Matt cast a furtive look at it, as if to read marks of guilt thereon.

“Yes; you must know I’m a shoemaker by trade, and love art, but I can’t devote myself to it like you young fellows. I work ’ard all day ’ammerin’ and stitchin’; it’s only in the evenings that I can spare an hour for paintin’.”

Matt’s eyes moistened sympathetically. “I’m so sorry,” he murmured.

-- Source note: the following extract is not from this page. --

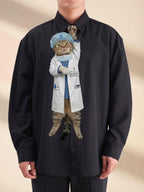 Novelty necktie featuring a tabby cat dressed as a surgeon in a white lab coat, blue scrubs, a surgical cap, and a face mask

“I knew you would be. I knew you had a beautiful nature. It always goes with beautiful feet. Ah, you smile! I’m an enthusiast, I admit, and you will smile more when you ’ear I sat up half the last two nights to create an artistic boot with your beautiful lines. You had given me the inspiration. I had to create there and then. I was tired of my day’s work, I was poor, and my time was valuable; but before all I am an artist. Sir, I have brought the boots with me”—here he produced a brown-paper parcel from under his arm—”and I shall be proud if you will accept them as a ’umble tribute from a lover of the beautiful.”

“No, no; I couldn’t think of taking them,” said Matt, blushing furiously.

“Oh, but you will vex me, sir, if you do not. It pains me enough already to think of you wearin’ the cumbrous, inartistic pair I see.”

“I won’t take them unless I pay you for them.”